競馬ファンに特化した喫茶店なのだろうか。壁正面にでんと掲げられたテレビ画面にはひたすら競馬中継が流れている。お客さんも競馬情報の書かれた新聞を手に持った、おじさんらしいおじさんばかりだ。皆、似たような格好をして腰掛けている。真剣にテレビを見つめて、ときどき「あー」とか「よし」とか「なんだよ」とかいう声を微かに漏らす。客の中で明らかに私だけが浮いている。異空間だった。少なくとも、私が知っている喫茶店というものとは明らかに違う。コーヒーの味に詳しくはないが、頼んだアイスコーヒーが旨くないことだけは分かった。

 

16:31 中央図書館

茶店から歩いて目的の図書館まで来た。この街のことは知らないが、途中でストリップ小屋のような場所を横切ったのは分かった。おそらくここは、いかがわしいエリアも結構たくさんある街なのだろう。図書館も例によってどことなく古臭い趣きだった。地元にある改築された図書館が隅々まで清潔に整っているのとは対照的だった。

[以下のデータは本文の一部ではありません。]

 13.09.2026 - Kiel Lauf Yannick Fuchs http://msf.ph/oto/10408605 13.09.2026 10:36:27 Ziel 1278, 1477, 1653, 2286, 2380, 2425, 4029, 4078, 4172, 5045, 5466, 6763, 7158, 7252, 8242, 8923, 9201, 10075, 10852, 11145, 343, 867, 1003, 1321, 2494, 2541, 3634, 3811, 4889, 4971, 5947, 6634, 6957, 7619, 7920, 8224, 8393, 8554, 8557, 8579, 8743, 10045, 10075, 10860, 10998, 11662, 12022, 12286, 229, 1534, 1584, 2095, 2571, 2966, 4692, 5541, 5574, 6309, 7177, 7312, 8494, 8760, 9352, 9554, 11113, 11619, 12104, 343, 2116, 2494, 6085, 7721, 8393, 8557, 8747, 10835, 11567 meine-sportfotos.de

見知らぬ街の図書館へ来ると、地元でよく通っていた図書館を反射的に思い出す。高校生のころに受験勉強をしに夏休みに毎日通っていた図書館は、もう十年ほど前に閉鎖されてしまった。代わりに駅前に新設された図書館は、私が大学を中退し、実家に身を寄せるようになってからよく通うようになった。私の地元は、私が物心つく頃にはとっくに滅んで郊外化していたはずの寂れた地方都市のくせに、中心部の行政施設だけはやたらと手の込んだ現代建築に姿を変えていく。新しい図書館は窓が大きく、光をよく取り込んで開放感があった。屋内は隅々まで掃除が行き届いていて、床に寝そべっても構わないくらいクリーンな印象。それに対して昔の図書館は、外壁は重厚な煉瓦造り、屋内は薄暗くて少し埃っぽかった。地元の図書館は私が実家を離れている間に、かなり大きく雰囲気が変わった。

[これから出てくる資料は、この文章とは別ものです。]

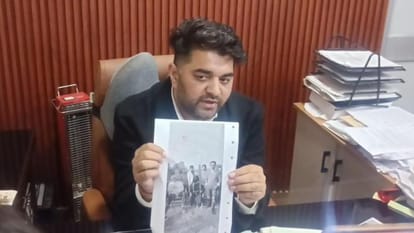 द ग्रेट खली के आरोपों को निराधार बताते हुए पत्रकार वार्ता में जबाब देते हुए तहसीलदार पांवटा साहिब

この図書館は、昔の地元の図書館と、少し雰囲気が似ている気がした。時代の流れから何世代も取り残されたような、懐かしくて、どこか気だるい雰囲気が漂っている。換気が十分されていない、室内のこもった空気の匂い。埃を被った照明の薄暗さ。擬音でいうと、ズーンとか、モアっととかそういう感じ。今から新しく建物を建てるなら、きっとこんな施設は作らないだろう。そこに流れる雰囲気が今の世の中には似つかわしくないものだからこそ、私にはむしろ逆に馴染みやすいような感じがした。若いというだけで私を甘やかしてくれるような、年老いたひとの弱々しい優しさ。そういうものに近いと言ったらいいのか。

五時に閉館だというから、もう出なければならない。明日また来てもいいし、もう二度と来なくてもいい。一日が終わるのは早い。